** What is being asked **
Copying rule for the data below: pictures stay out, and only the lines from the one with "大型數(shù)據(jù)中心節(jié)能水冷精密空調(diào)原理-2" down to the one with "Brightside.me/Mariya Zavolokina", inclusive, are repeated exactly.

** Provided records **
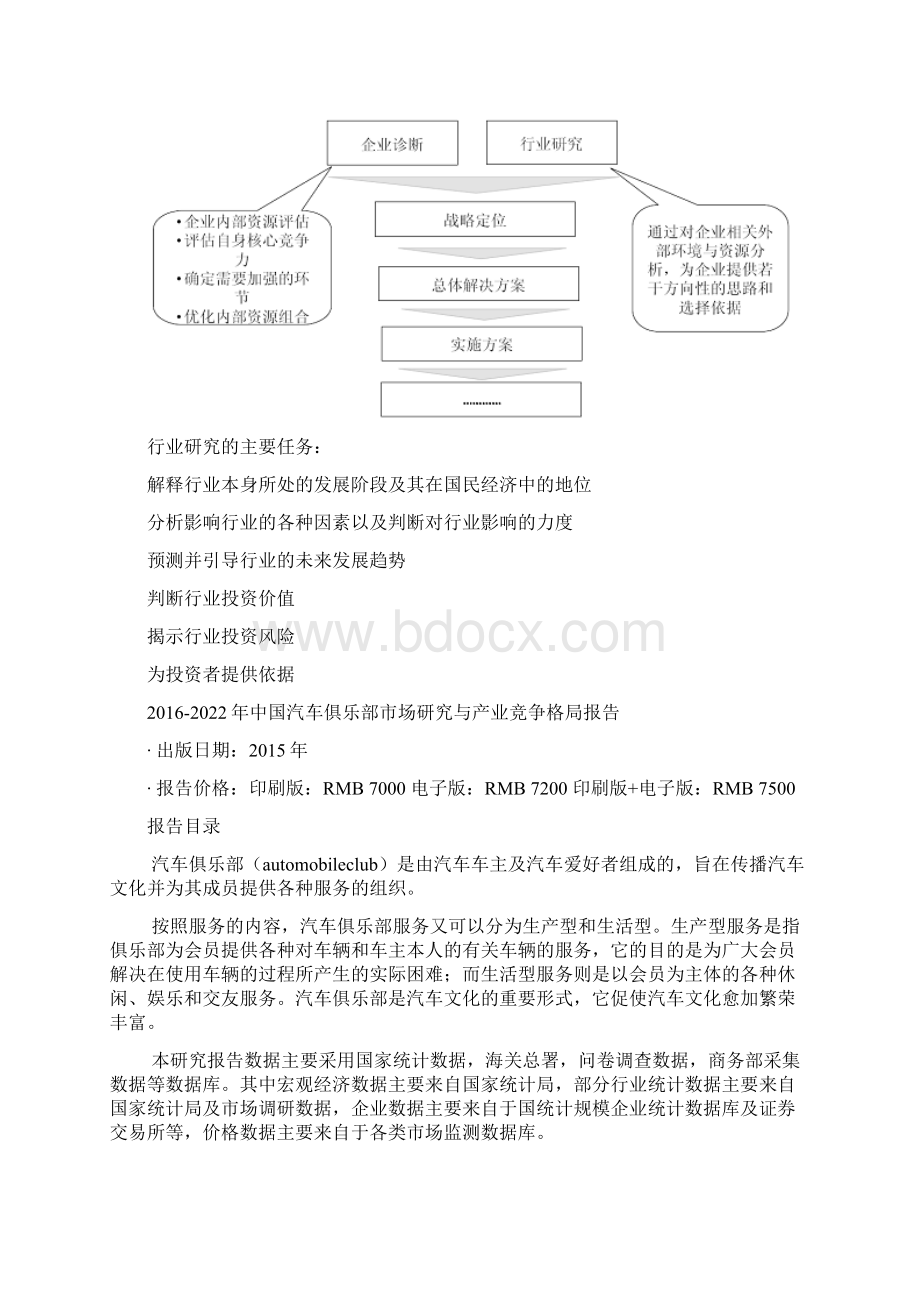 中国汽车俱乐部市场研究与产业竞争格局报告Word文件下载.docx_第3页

--

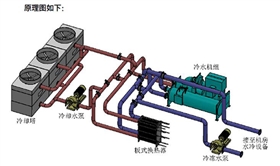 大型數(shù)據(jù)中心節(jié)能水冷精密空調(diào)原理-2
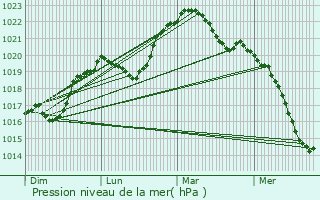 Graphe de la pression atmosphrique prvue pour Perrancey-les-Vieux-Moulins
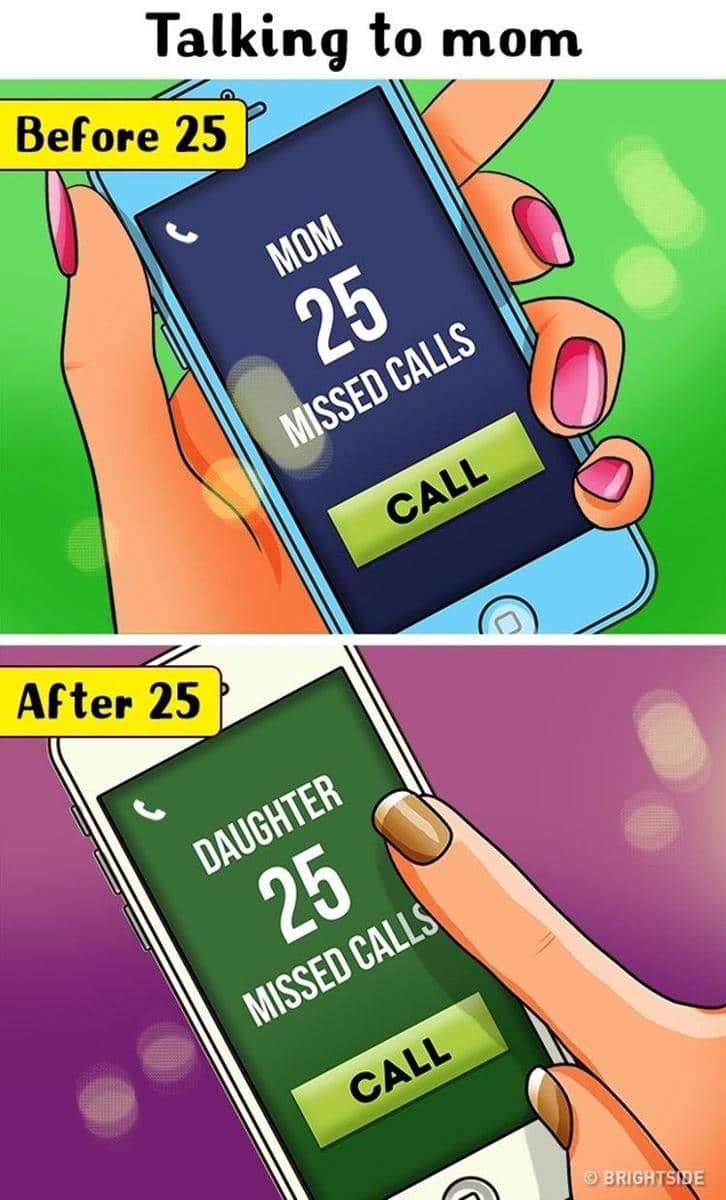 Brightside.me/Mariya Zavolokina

** Exercise result **
 大型數(shù)據(jù)中心節(jié)能水冷精密空調(diào)原理-2
 Graphe de la pression atmosphrique prvue pour Perrancey-les-Vieux-Moulins
 Brightside.me/Mariya Zavolokina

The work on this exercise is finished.